While some small businesses may opt to build a new site or refresh their homepage design, simply culling your existing website to remove the old and add the new can help your brand to make a positive first impression with web-surfing target audiences.
Focus on completing these five key steps to ensure your website is up-to-date and supporting your online and offline sales processes:
Step 1: Homepage Review
When visiting the homepage of your small business website, is it obvious what your business does and who it serves? Visitors’ attention spans are short, and they are seeking content that demonstrates a strong understanding of their needs and priorities. As businesses evolve, it is easy for the homepage to become outdated or obsolete. Make a punch list of changes you can easily carry out internally, and those which may require programming changes.
Step 2: Message Refinement
Do the key messages incorporated throughout your website copy accurately reflect the value your business will bring to its clients in 2014? As businesses grow, merge and change, so do products and services. While you may have been a burgeoning enterprise when you built your website back in 2010, you may now be the largest provider of X, Y and Z on the Eastern Seaboard.

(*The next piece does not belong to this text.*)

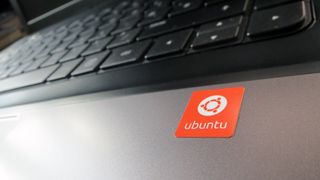 Ubuntu logo next to a computer keyboard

In addition to ensuring your key message points are relevant and up-to-date, it is important your brand be consistent across all websites and social media platforms.
Step 3: Keyword Analysis
Are the keywords and phrases prospective clients would type in when searching for your product or service peppered throughout your website copy? When you Google these important terms, is your organization’s website returned as a matching result?
While it is important for copy to be readable and easy to understand, incorporating relevant keywords and phrases is crucial to bolstering organic search engine rankings. If you have a CMS (Content Management System), adding extra keywords to the copy is likely a simple fix and a great way to help prospective clients find your company in 2014.
Step 4: Newsroom Updates
Have you hired a new team member, added a product or service, and/or added a new location? Would a website visitor know this by visiting your newsroom?
When your sales pipeline is brimming with qualified leads and full workloads are the order of the day, adding the latest news release or bylined article to your website can easily slip off the radar. To ensure your small business’ newsroom is up-to-date and reflects the latest from your organization, assess not only what news needs to be backfilled, but also who on your team can serve as a point person for proactively updating throughout the year.
Step 5: Multimedia Review
Are the blog, Facebook page, Twitter feed, YouTube channel and other platforms linked to your website up-to-date? Can your business commit to consistently updating all of the aforementioned social media marketing channels in 2014?
While it’s great to be an early adopter and maintain a diverse social media presence, it is most important that your small business retains a strong social media presence on the channels where clients, prospects and strategic partners are open to hearing from and engaging with your brand. Further, if these channels are linked to your website, it is important that each supports a consistent brand image and shows your business is up-to-date with all of its online marketing efforts.
Gone are the days when websites were a “set it and forget it” marketing tool. Today, websites are real-time marketing hubs that attract prospects and convert leads into clients. As you begin implementing your 2014 marketing plan, ensure your website is up-to-date and ready to support all marketing and sales initiatives during the upcoming year – and beyond.